# Homemade slingshot- spectraply wood



## wildernessman (May 5, 2013)

Hello,

today i finished my homemade slingshot. I bought spectraply wood in simpleshot online store and make this. I also bought nitro theraband gold bands. First impressions are amazing becouse this is my first real slingshot with theraband gold bands. This band is realy strong but fast. (next week i planed to go hunting muskart and do my frst hunt)

WM


----------



## Failureisalwaysanoption (Sep 28, 2012)

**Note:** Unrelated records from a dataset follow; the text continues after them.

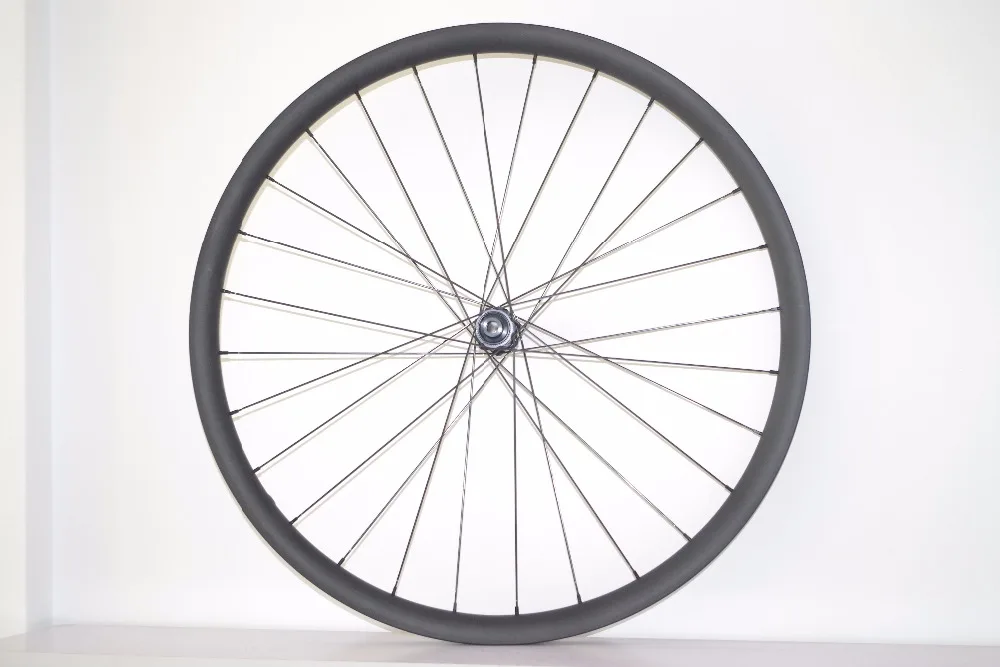 Ассиметричные колесные диски MTB DEERACE 29ER 28/28H 28 мм 38 центральный замок прямая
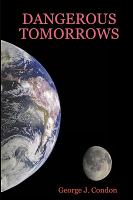 Dangerous Tomorrows cover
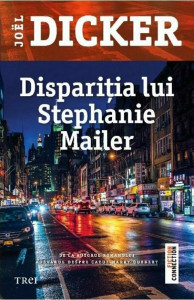 Dispariţia lui Stephanie Mailer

Oooh, very nice! I like that plywood, it looks cool


----------



## Saderath (Jan 1, 2013)

Well done!


----------



## bigron (Nov 29, 2012)

very nice shooter


----------



## funkysod (May 2, 2013)

Sweet looking sling!


----------



## Bob Fionda (Apr 6, 2011)

Nice work, excellent!


----------



## dan ford (May 13, 2013)

very nice !


----------



## e~shot (Jun 3, 2010)

Nicely done. looks fantastic!


----------



## bullseyeben! (Apr 24, 2011)

Looks fantastic! Great work.


----------



## Can-Opener (May 11, 2013)

Came out very nice. Good job!


----------



## quarterinmynose (Jan 21, 2012)

Super nice job you did here. Heck yes.


----------



## Mr.Teh (Feb 28, 2012)

Spectraply looks great, very nice result :thumbsup:


----------



## Ravensbull (Apr 12, 2013)

Awesome job! Especially being your first makes it even more exceptional! Very cool choice of Spectraply color too. Hunting muskrat..? Now that's sorta funny.. Heard they're good eating with glands removed! If you wait for prime fur though they were selling for $8-13 I believe on last year's fur auctions. Just a thought if you have the resources. Good luck n have fun with that pretty shooter!!!


----------



## AhnkoChee (Mar 27, 2013)

Purdy nice! :thumbsup:


----------



## Claudio (Nov 7, 2012)

Good work wildernessman!


----------



## Dr J (Apr 22, 2013)

Outstanding job, I wish you hours of enjoyable shooting with it.


----------



## dannytsg (Jun 16, 2013)

Very nice work. I love working with dymondwood etc


----------



## wildernessman (May 5, 2013)

Ravensbull said:


> Awesome job! Especially being your first makes it even more exceptional! Very cool choice of Spectraply color too. Hunting muskrat..? Now that's sorta funny.. Heard they're good eating with glands removed! If you wait for prime fur though they were selling for $8-13 I believe on last year's fur auctions. Just a thought if you have the resources. Good luck n have fun with that pretty shooter!!!


here in slovenija we had long winter and muscart still have perfect hide...that this weekend i had luck and made my first kill. But this is not muscart but nutria. Now im going to tan this hide and make a pouch for ammo )


----------



## wildernessman (May 5, 2013)

Thank you guys...maybe anyone had an idea where can i buy some spectraply wood in different colours? (green, red, blue, black, brown,...)


----------



## Dayhiker (Mar 13, 2010)

I think SimpleShot.com has some small pieces. That's a jewel of a slingshot you made!


----------



## flippinout (Jul 16, 2010)

Simple shot should have at least five new colors within the next week. Check in under the 'DIY' section of the store.


----------